Many of the above changes are procedural and are unlikely to impact on the day to day management of a business. However, this is not the case for pay secrecy or the anti-discrimination provisions.
It is now a workplace right for employees to be able to ask one another about and to disclose (or choose not to disclose) their remuneration and other conditions of their employment which are reasonably necessary to determine remuneration outcomes such as hours of work.
Employers must not enter into a contract of employment that requires an employee to maintain secrecy about their pay and conditions. If employers already have such provisions in existing contracts of employment or in an industrial instrument, for example as an Enterprise Bargaining Agreement, these provisions no longer have any effect.
Employers must not tell employees that they need to keep their pay and conditions secret. If an employee chooses to disclose this information any punitive action taken by an employer would be “adverse action” for the purposes of the General Protections provisions of the Act.
It is not necessary to amend old contracts of employment, as any secrecy terms no longer have any effect, but no new contracts of employment should include such provisions.
Employers should review their policies and training to ensure that they are updated to include the newly added attributes of breastfeeding, gender identity and intersex status. We would also recommend that employers review any current workplace practices which may result in discrimination on the basis of the new attributes.
There are technical changes to the termination of Enterprise Agreements, the process for commencing bargaining for new Agreements and the jurisdiction of the Fair Work Commission to deal with errors in Agreements. We expect that there will be greater guidance provided by the Fair Work Commission on the practical application of these provisions in the near future. We will update these aspects of the amendment at that time.
What changes start on 6 March 2023?
On 6 March 2023 the following amendments commence:
- Provision prohibiting sexual harassment in connection with work;
- The establishment of Expert Panels relating to pay equity and the care and community sector;
- The Fair Work Commission absorbs the functions of the Registered Organisations Commission.
Sexual harassment in connection with work
The extended jurisdiction in relation to sexual harassment creates a substantive obligation on employers to do everything reasonably possible to ensure that sexual harassment does not occur in connection with work. Employers as an absolute minimum need to ensure that their sexual harassment policy is comprehensive and up to date. Further, it is not going to be enough to have a policy, no matter how impressive the policy is, employers must also be providing training to their employees on what may constitute sexual harassment at work and have an effective mechanism to sensitively and appropriately manage events if they arise.
The Fair Work Commission currently has the jurisdiction to issue “stop sexual harassment orders”, however from 6 March 2023 this jurisdiction will be extended and will include the ability to issue an order for payment of compensation, payment in relation to lost remuneration, or to carry out a course of conduct to redress loss or damage suffered by the aggrieved person. The Commission may also express an opinion, including that the respondent has sexually harassed the aggrieved person or that the employer has contravened the Act, by virtue of vicarious liability.

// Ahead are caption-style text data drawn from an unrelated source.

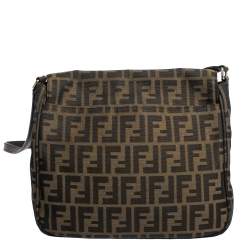 Pre Owned Fendi Tobacco Zucca Canvas and Leather Crossbody Bag
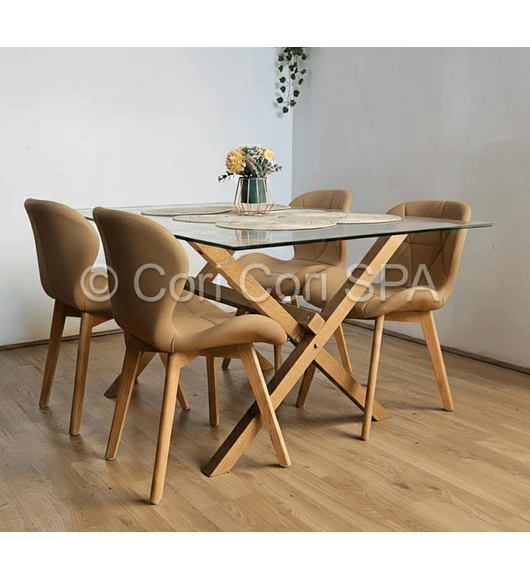 Comedor Medlock 130x80cms + 4 Sillas Mariposa Ecocuero Wood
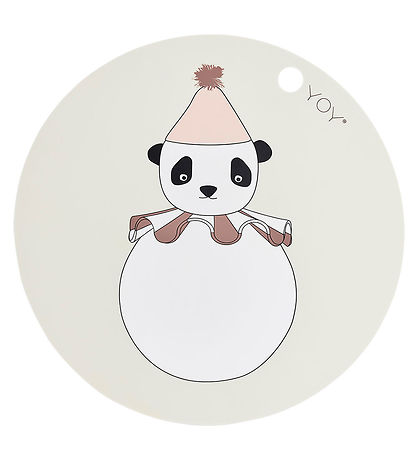 OYOY Ruokailualusta - Silikoni - Panda Pompom - Offwhite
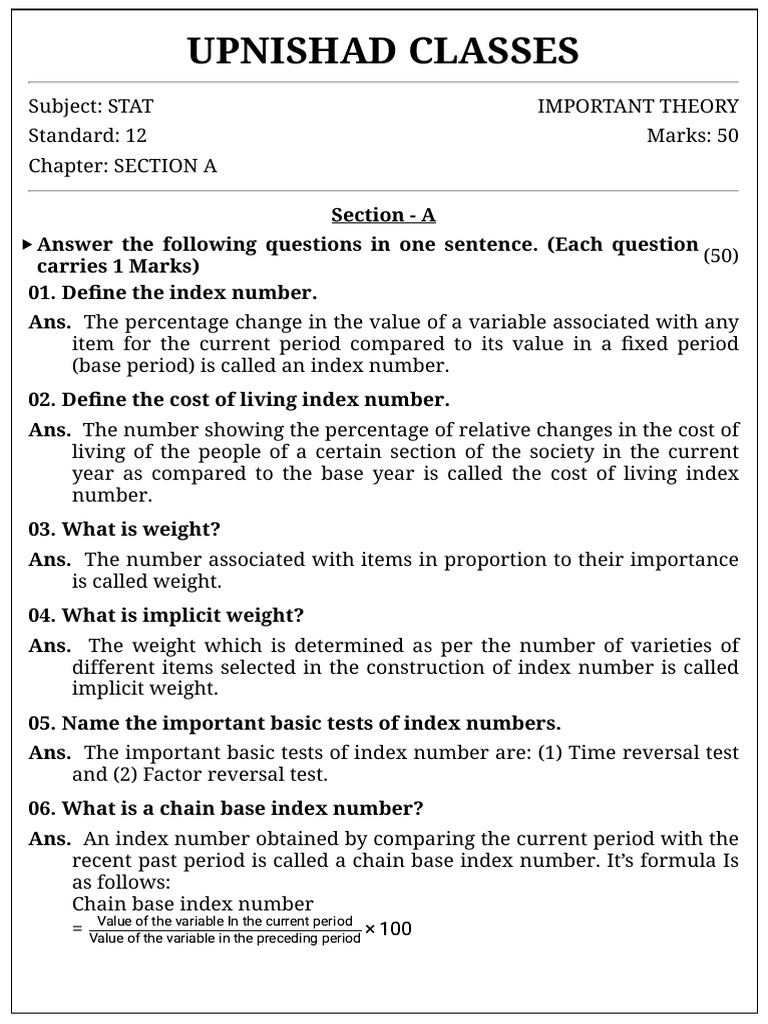 12th Grade Statistics Theory Guide | PDF | Cost Of Living | Linear ...
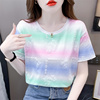 重工彩虹条纹扎染T恤女短袖2024夏季韩版宽松印花圆领上衣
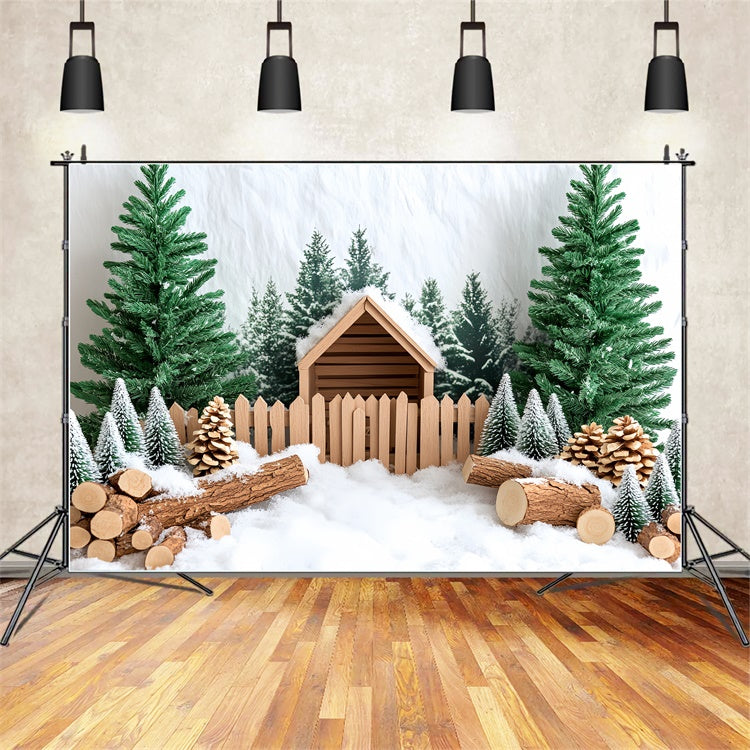 Weihnachten Backdrops für Fotografie Snowy Pine Cabin Backdrop CSH6-247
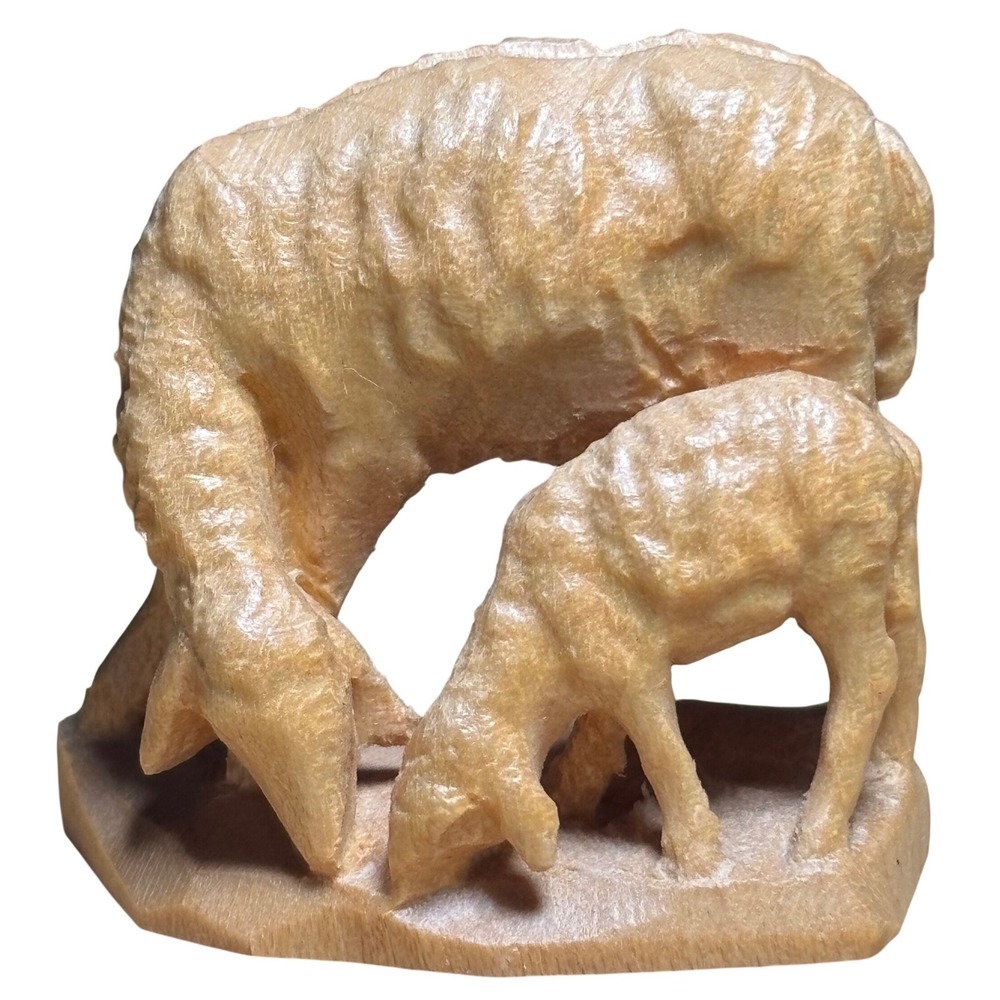 Anri Italy Hand Carved Wood Sheep‎ and Lamb Figurine Miniature Nativity Decor
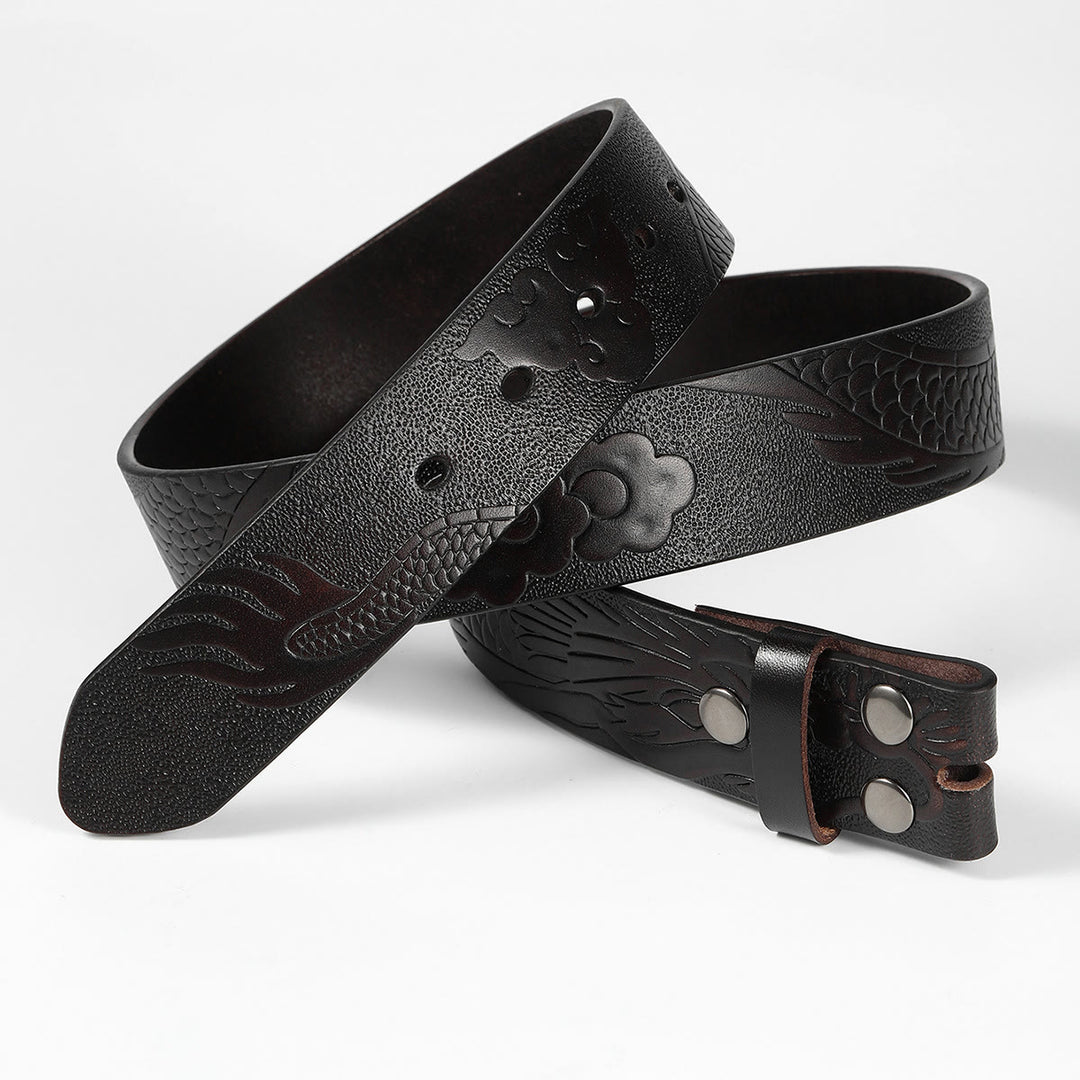 Men's DIY Dragon Embossed Cloud Leather Belt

An employer can be found to be vicariously liable for sexual harassment perpetrated by their employee or agent, except where they can prove that they took all reasonable steps to prevent the employee or agent from contravening the relevant provision. Employers without a comprehensive policy and the ability to show appropriate training was provided will struggle to demonstrate that they have taken all reasonable steps to avoid vicarious liability if there is an incident of sexual harassment in connection with work. The Full Federal Court has provided guidance in this regard when it relevantly said:
“The word “all” is significant. It is not enough for the employer to demonstrate that it took some of the reasonable steps available to prevent the employee from doing the unlawful act”. 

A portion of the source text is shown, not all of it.